UPDATED 09:01 EST / FEBRUARY 08 2017

APPS

With ‘Smart Magazines,’ Flipboard uses machine learning to reinvent its app

No small number of people in media think magazines always had something going for them, such as smart stories and beautiful photos for readers and a targeted, self-selected audience for advertisers, that should still work online. Today, Flipboard Inc. is taking yet another crack at proving it.

The seven-year-old Palo Alto, California-based company today is introducing the fourth generation of its social magazine app, powered by machine learning and a simpler new design (pictured). Central to the experience is Smart Magazines, which pull in content from a wider variety of sources than before to produce an ultra-personalized collection for each user.

The new design, Flipboard Chief Executive Mike McCue said in an interview with SiliconANGLE, aims to go beyond what Facebook and Twitter do, which is essentially to surface the most popular stories or the most recent ones, mainly quick bites of content. “Rather than a snacking mentality, there’s a need to dive into the things you’re passionate about,” said McCue.

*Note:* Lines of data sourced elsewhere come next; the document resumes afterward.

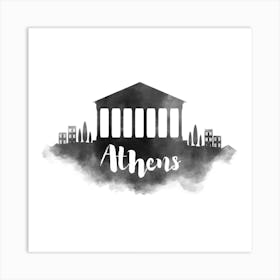 Watercolor Athens Skyline Art Print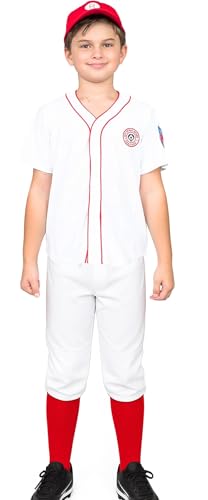 Costume Agent Rockford Peaches Halloween Cosplay Set - Baseball Player for Boys & Youth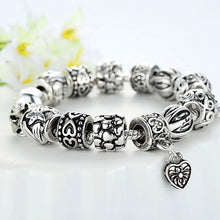 Retro DIY Beads Bracelet Snake Chain Heart Design Charm Bracelet Jewelry For Women 18cm 20cm EF8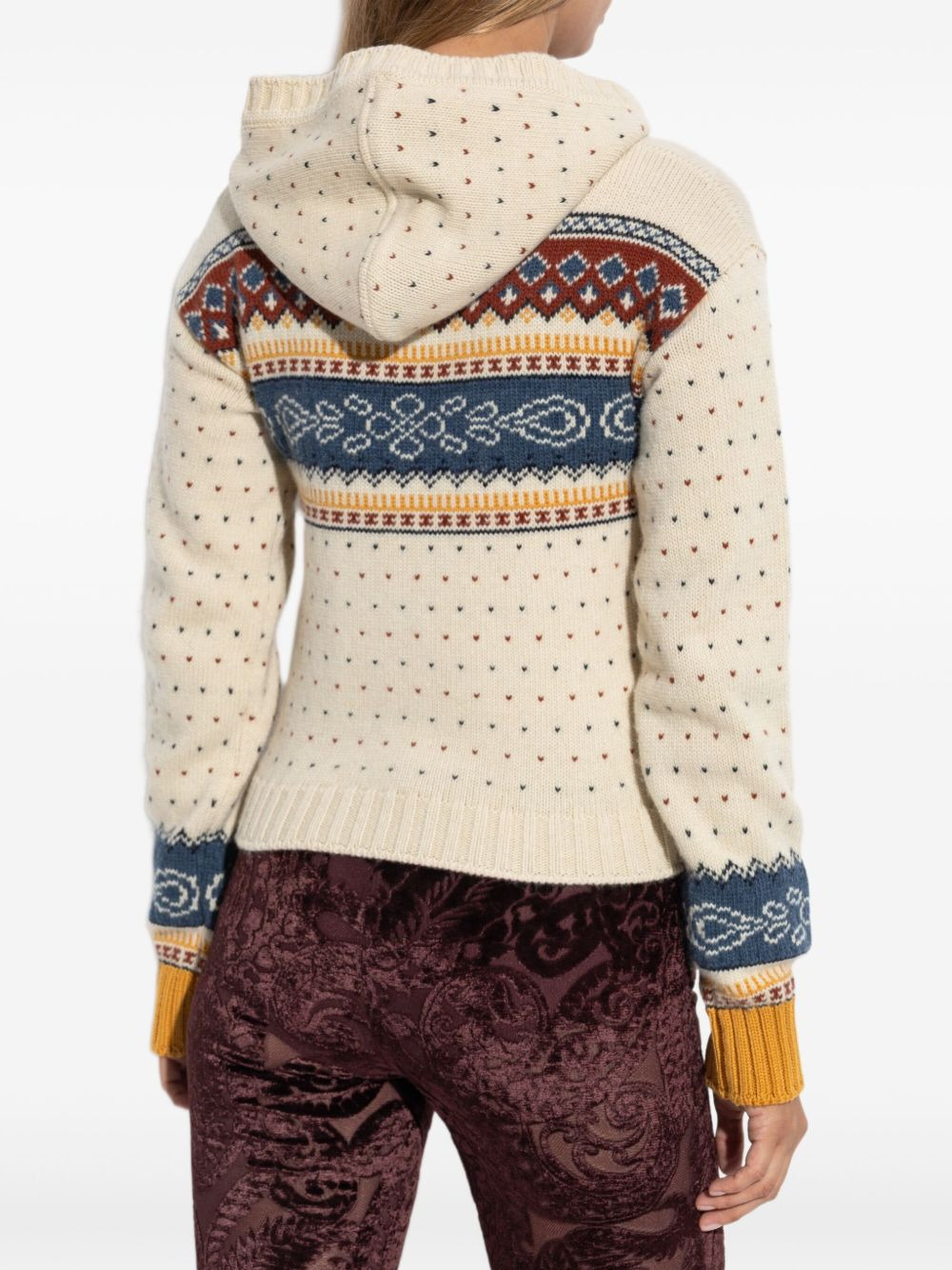 patterned hooded sweater - 3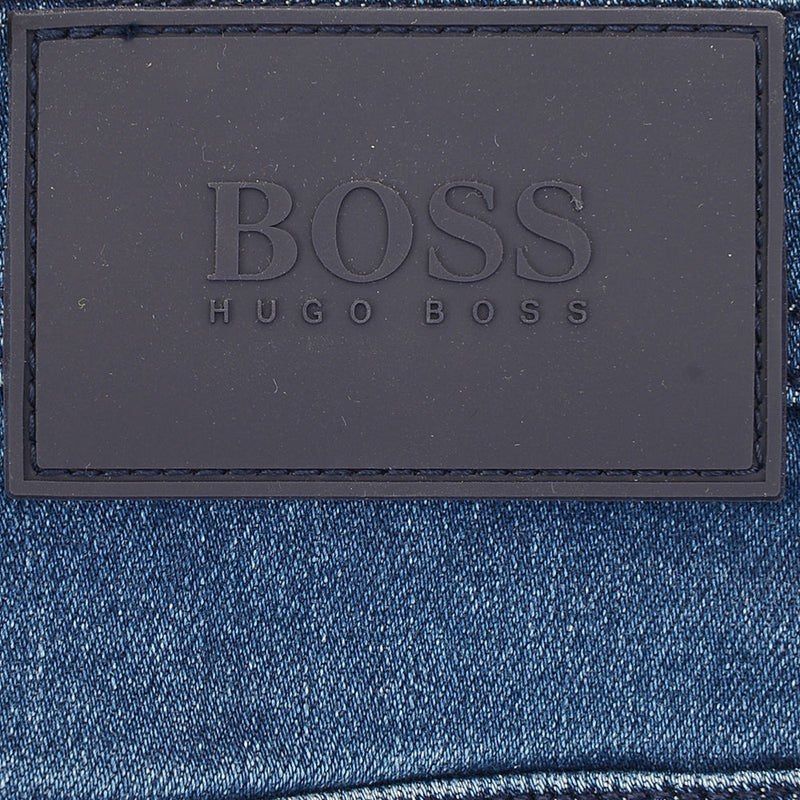 BOSS Mens Mid Wash Delaware Slim Fit Jeans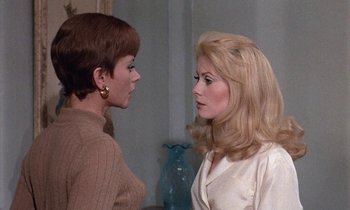 Movie still from “Belle de Jour” (1967), directed by Luis Buñuel – Two women talking to each other in front of a blue vase; Close Up shot, Over the shoulder angle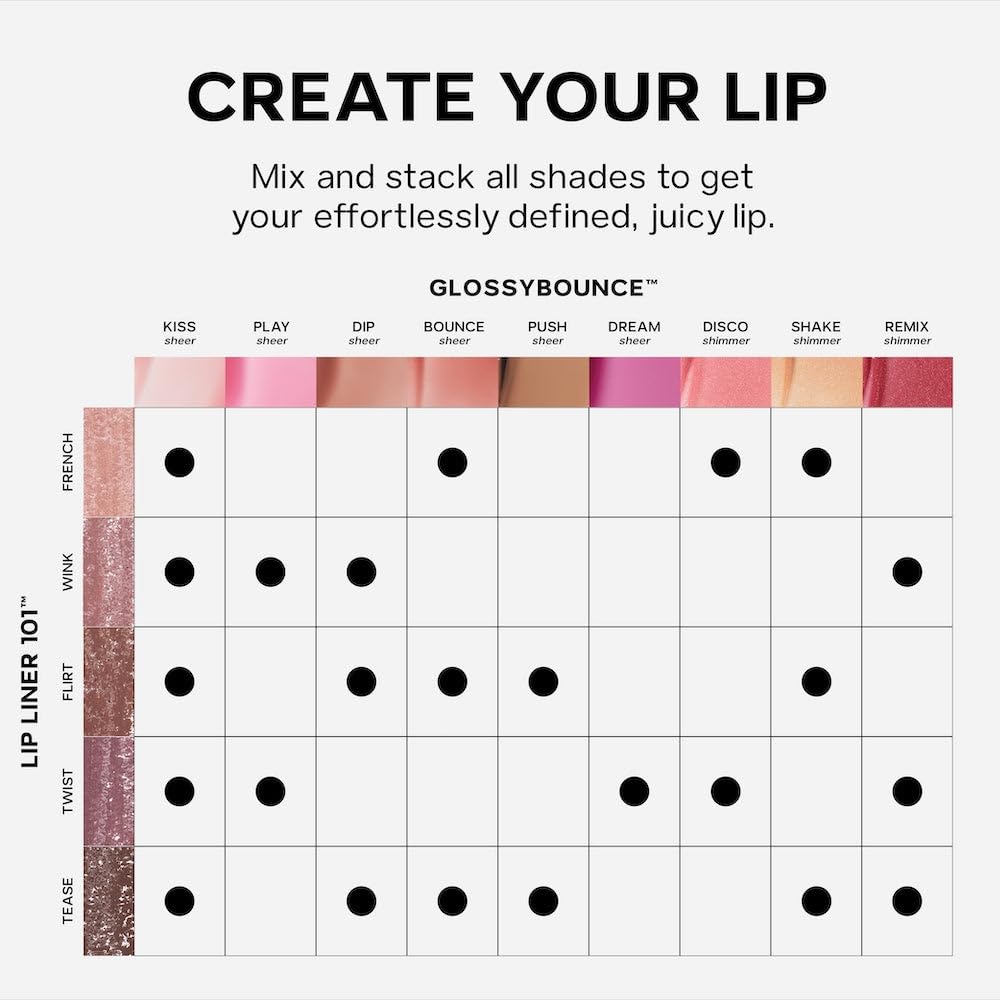 Saie Glossybounce Lip Gloss-Oil Hybrid with Hyaluronic Acid & Jojoba Oil | Non-Sticky, Ultra-Shiny Lips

Magazines, he said, “just need to be modernized for a mobile experience and a social world.” Flipboard users have been able to create magazines for a long time, some 30 million of them, in fact. But until now, common topics such as sports or technology contained the same content for every reader. Smart Magazines let people delve deeper into those topics to pick, say, only volleyball and water polo stories.

New information architecture

There’s also more than just curated content from publishers and websites. Flipboard, which said Smart Magazines are built on a “completely reimagined information architecture,” has a “topic classifier” that has indexed millions of RSS feeds and billions of articles shared by users. Flipboard’s editors also have chosen thought leaders whose tweets and stories shared on Twitter are included in the relevant magazines.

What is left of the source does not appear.